A Compact Model for Single-Event Transient in Fully Depleted Silicon on Insulator MOSFET Considering the Back-Gate Voltage Based on Time-Domain Components

Abstract

FDSOI (Fully Depleted Silicon On Insulator) devices have a good performance in anti-single-event circuits. However, the bipolar amplification effect becomes a severe problem due to the buried oxide. The previous models for Single Event Transient (SET) of FDSOI did not fully consider the current of all components. Most importantly, they did not take the influence of the back-gate voltage into account. Thus, this paper presents a modeling method for the SET current in FDSOI MOSFET where all three components are modeled individually. The prompt current and diffusion current are modeled with a current source respectively. The Berkeley Short-channel IGFET Model for Silicon-on-Insulator (BSIMSOI) model is integrated into this model to calculate the bipolar amplification current. Compared to using the bipolar transistor model, this method avoids additional current input from the base electrode. It is more consistent with the mechanism of bipolar amplification effect for FDSOI devices without body contact. Instantaneously, an improved model is proposed that considers the influence of the back-gate voltage on the SET of the FDSOI devices. All models are validated through Technology Computer Aided Design (TCAD)simulation results.

1. Introduction

Soft error induced by single event effect is a serious issue in advanced CMOS logic VLSI (very large-scale integration) [1,2,3]. For FDSOI MOSFET, the fully dielectric isolated structure prevents the circuit from latch-up effects. However, it can also cause severe Bipolar Amplification Effects (BAE) [4,5,6]. The charge collection of the stroked node could be much larger than the total charge accumulated by the heavy ion because of the bipolar amplification current. Then, a sensitive node in the off state may flip up due to this effect. Meanwhile, TCAD simulation shows that the strength of the Single Event Transient (SET) current could be modulated by back-gate voltage. An accurate compact model for the SET current of FDSOI devices is essential in the design of anti-single-event circuits.
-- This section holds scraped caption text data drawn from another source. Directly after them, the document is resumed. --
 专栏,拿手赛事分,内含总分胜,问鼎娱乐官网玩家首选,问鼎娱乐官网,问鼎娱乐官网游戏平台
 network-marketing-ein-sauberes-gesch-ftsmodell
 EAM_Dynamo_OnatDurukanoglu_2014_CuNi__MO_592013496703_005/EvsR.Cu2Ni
The double exponential transient model is wildly used in circuit simulation of the single event effect [7,8]. However, many works have pointed out that this model could not be wide enough compared with the real transient pulse [9,10,11]. It is because this model is derived based on that the depletion region of a reverse-biased PN junction is stroked by a heavy ion [12]. The drift of the ionized carriers is its main consideration, and the diffusion effect is ignored in this model, although some work has been performed to improve it, such as using multiple double exponential functions to expand the width of the transient [9]. This method weakens the physical background of the model and increases the fitting parameters exponentially. Therefore, there is an urgent need to establish a more suitable SET model from the mechanism of the single event effect of MOSFET devices.
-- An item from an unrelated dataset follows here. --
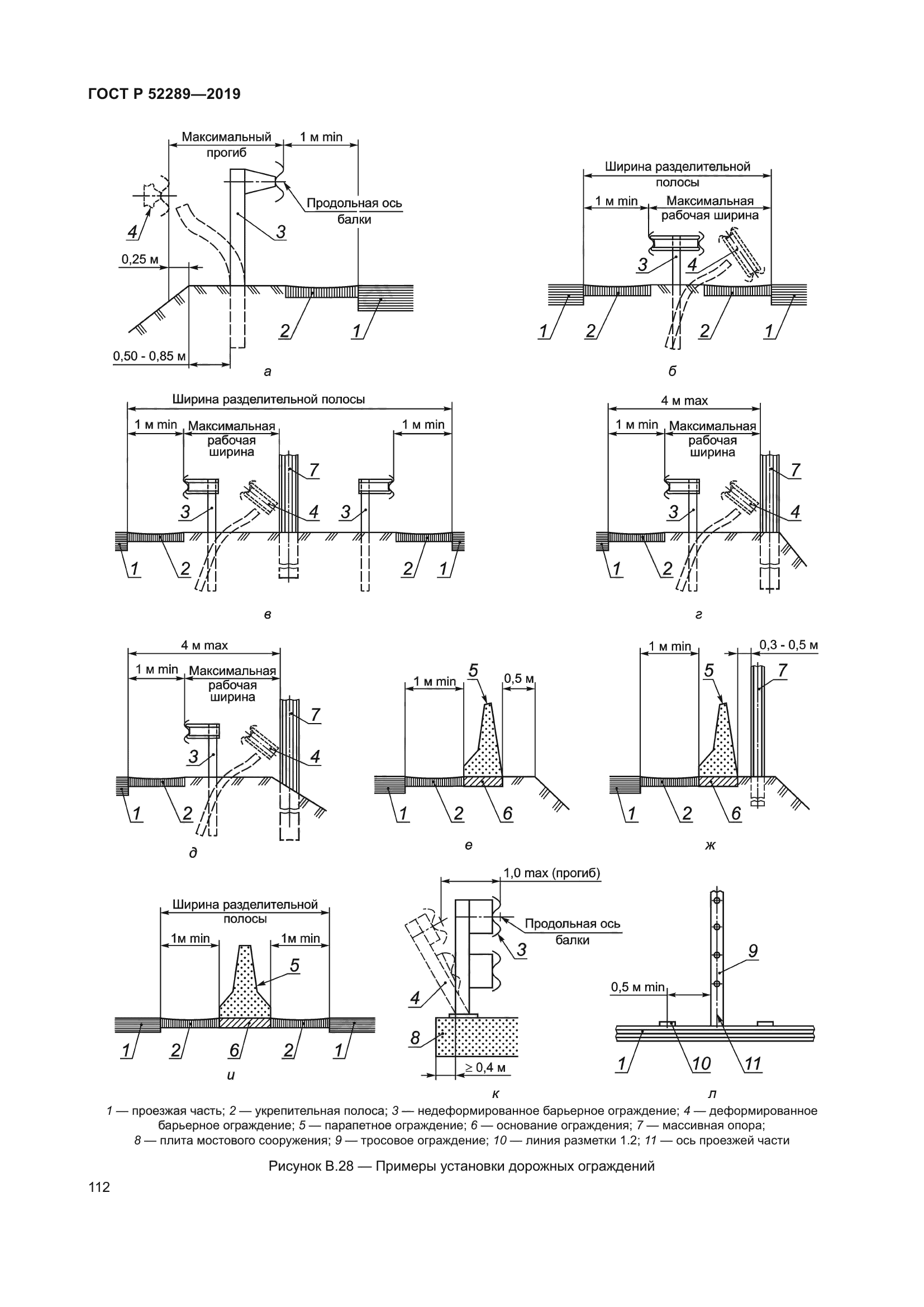ГОСТ Р 52289-2019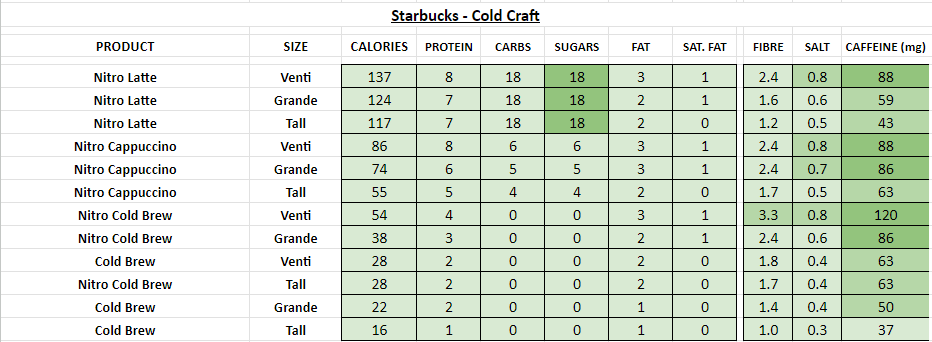 starbucks nutrition information calories cold craft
The SET current in the FDSOI MOSFET device can be decomposed into three components in the time domain [13]. Some work has been to model different components of the FDSOI device SET current. For instance, David et al. presented a SET model considering carrier diffusion and the parasitic bipolar transistor [14]. However, they did not distinguish the diffusion current from the prompt current. Rostand et al. computed the bipolar amplification current by transferring the concentration of the holes in the body to the concentration of electrons in the channel due to the BAE through the use of an empirical function [15]. However, the function to calculate the bipolar amplification current, after reaching the concentration of electrons, is too simple to obtain a convincing result. Furthermore, only two components of the SET current of the FDSOI device are considered in their model. Another important issue is that none of these models have taken the influence of the back-gate voltage into account.

Thus, this paper presents a modeling method for the SET of FDSOI MOSFET. All three components are modeled respectively, and their relationships are considered. In the modeling of the bipolar amplification current, the body potential is calculated and introduced into the integrated BSIMSOI model as this current is directly related to the device model. This approach avoids the problem that the floating body FDSOI device does not have a corresponding base electrode when using the bipolar transistor model to calculate the bipolar amplification currents.
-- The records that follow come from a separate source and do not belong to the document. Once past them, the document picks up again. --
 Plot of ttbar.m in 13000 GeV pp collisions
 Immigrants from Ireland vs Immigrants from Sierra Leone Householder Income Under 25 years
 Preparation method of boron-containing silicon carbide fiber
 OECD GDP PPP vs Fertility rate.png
Meanwhile, an improved model is proposed too, considering the effect of the back-gate voltage on the SET of the FDSOI devices. These models are SPICE compatible and validated through TCAD simulation results.

To sum up, the paper will be divided as follow: in section II, the TCAD simulation details as well as the discussion of the results will be proposed. Section III presents the modeling of the SET current, and the consideration of the back-gate voltage is introduced in section IV. Finally, a conclusion will sum up this work.

2. TCAD Simulation Details and Result Discussion

The structure of FDSOI, used in the 2D TCAD simulation, is presented in Figure 1a where the gate length L is equal to 0.18 μm, the top silicon thickness T_si is equal to 50 nm, and the thickness of buried oxide T_box is equal to 145 nm. The heavy ion penetrates the device perpendicularly in the middle of the gate at the off state with 1 μm track length, 80 nm track width, 0.4 pC/μm of Leaner Energy Transfer (LET) value, and a Gaussian distribution of the induced ehps. The LET value along the track has been considered fixed as shown in Figure 1b.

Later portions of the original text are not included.